What the exercise asks:
A verbatim copy of all entries is the expected output.

Extracted material:
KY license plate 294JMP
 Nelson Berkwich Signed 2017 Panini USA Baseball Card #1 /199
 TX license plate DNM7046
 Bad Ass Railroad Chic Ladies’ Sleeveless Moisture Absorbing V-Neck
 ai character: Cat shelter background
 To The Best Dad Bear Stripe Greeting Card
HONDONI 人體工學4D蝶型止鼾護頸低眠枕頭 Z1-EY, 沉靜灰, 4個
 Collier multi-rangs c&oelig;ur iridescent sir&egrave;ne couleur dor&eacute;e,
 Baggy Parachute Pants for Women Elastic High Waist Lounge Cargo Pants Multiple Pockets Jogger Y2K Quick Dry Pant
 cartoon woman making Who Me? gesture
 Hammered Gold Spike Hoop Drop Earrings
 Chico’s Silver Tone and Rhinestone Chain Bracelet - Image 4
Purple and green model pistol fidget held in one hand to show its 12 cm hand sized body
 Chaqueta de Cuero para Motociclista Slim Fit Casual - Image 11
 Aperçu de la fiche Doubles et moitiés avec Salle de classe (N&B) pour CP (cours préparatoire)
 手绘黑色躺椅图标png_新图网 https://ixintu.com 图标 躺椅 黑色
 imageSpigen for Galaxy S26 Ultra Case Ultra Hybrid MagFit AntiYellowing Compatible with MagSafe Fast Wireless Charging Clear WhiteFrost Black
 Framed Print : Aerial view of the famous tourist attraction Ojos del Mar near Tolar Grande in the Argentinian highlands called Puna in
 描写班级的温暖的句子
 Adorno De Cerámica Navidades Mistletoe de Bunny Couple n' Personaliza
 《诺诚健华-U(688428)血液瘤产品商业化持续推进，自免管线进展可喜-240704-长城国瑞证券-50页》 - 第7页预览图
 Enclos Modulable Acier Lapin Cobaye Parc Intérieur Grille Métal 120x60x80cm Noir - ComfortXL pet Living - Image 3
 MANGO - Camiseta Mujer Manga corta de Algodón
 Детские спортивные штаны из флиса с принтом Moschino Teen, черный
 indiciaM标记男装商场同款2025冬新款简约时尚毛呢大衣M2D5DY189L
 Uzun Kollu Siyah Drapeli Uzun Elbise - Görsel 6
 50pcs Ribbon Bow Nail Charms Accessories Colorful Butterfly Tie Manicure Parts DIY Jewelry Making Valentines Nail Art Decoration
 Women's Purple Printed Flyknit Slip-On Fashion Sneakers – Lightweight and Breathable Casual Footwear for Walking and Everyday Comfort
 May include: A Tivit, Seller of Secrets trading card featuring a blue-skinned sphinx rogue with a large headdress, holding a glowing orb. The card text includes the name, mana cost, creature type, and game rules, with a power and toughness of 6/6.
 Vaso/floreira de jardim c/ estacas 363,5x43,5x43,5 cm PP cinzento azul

Answer to this task:
KY license plate 294JMP
 Nelson Berkwich Signed 2017 Panini USA Baseball Card #1 /199
 TX license plate DNM7046
 Bad Ass Railroad Chic Ladies’ Sleeveless Moisture Absorbing V-Neck
 ai character: Cat shelter background
 To The Best Dad Bear Stripe Greeting Card
HONDONI 人體工學4D蝶型止鼾護頸低眠枕頭 Z1-EY, 沉靜灰, 4個
 Collier multi-rangs c&oelig;ur iridescent sir&egrave;ne couleur dor&eacute;e,
 Baggy Parachute Pants for Women Elastic High Waist Lounge Cargo Pants Multiple Pockets Jogger Y2K Quick Dry Pant
 cartoon woman making Who Me? gesture
 Hammered Gold Spike Hoop Drop Earrings
 Chico’s Silver Tone and Rhinestone Chain Bracelet - Image 4
Purple and green model pistol fidget held in one hand to show its 12 cm hand sized body
 Chaqueta de Cuero para Motociclista Slim Fit Casual - Image 11
 Aperçu de la fiche Doubles et moitiés avec Salle de classe (N&B) pour CP (cours préparatoire)
 手绘黑色躺椅图标png_新图网 https://ixintu.com 图标 躺椅 黑色
 imageSpigen for Galaxy S26 Ultra Case Ultra Hybrid MagFit AntiYellowing Compatible with MagSafe Fast Wireless Charging Clear WhiteFrost Black
 Framed Print : Aerial view of the famous tourist attraction Ojos del Mar near Tolar Grande in the Argentinian highlands called Puna in
 描写班级的温暖的句子
 Adorno De Cerámica Navidades Mistletoe de Bunny Couple n' Personaliza
 《诺诚健华-U(688428)血液瘤产品商业化持续推进，自免管线进展可喜-240704-长城国瑞证券-50页》 - 第7页预览图
 Enclos Modulable Acier Lapin Cobaye Parc Intérieur Grille Métal 120x60x80cm Noir - ComfortXL pet Living - Image 3
 MANGO - Camiseta Mujer Manga corta de Algodón
 Детские спортивные штаны из флиса с принтом Moschino Teen, черный
 indiciaM标记男装商场同款2025冬新款简约时尚毛呢大衣M2D5DY189L
 Uzun Kollu Siyah Drapeli Uzun Elbise - Görsel 6
 50pcs Ribbon Bow Nail Charms Accessories Colorful Butterfly Tie Manicure Parts DIY Jewelry Making Valentines Nail Art Decoration
 Women's Purple Printed Flyknit Slip-On Fashion Sneakers – Lightweight and Breathable Casual Footwear for Walking and Everyday Comfort
 May include: A Tivit, Seller of Secrets trading card featuring a blue-skinned sphinx rogue with a large headdress, holding a glowing orb. The card text includes the name, mana cost, creature type, and game rules, with a power and toughness of 6/6.
 Vaso/floreira de jardim c/ estacas 363,5x43,5x43,5 cm PP cinzento azul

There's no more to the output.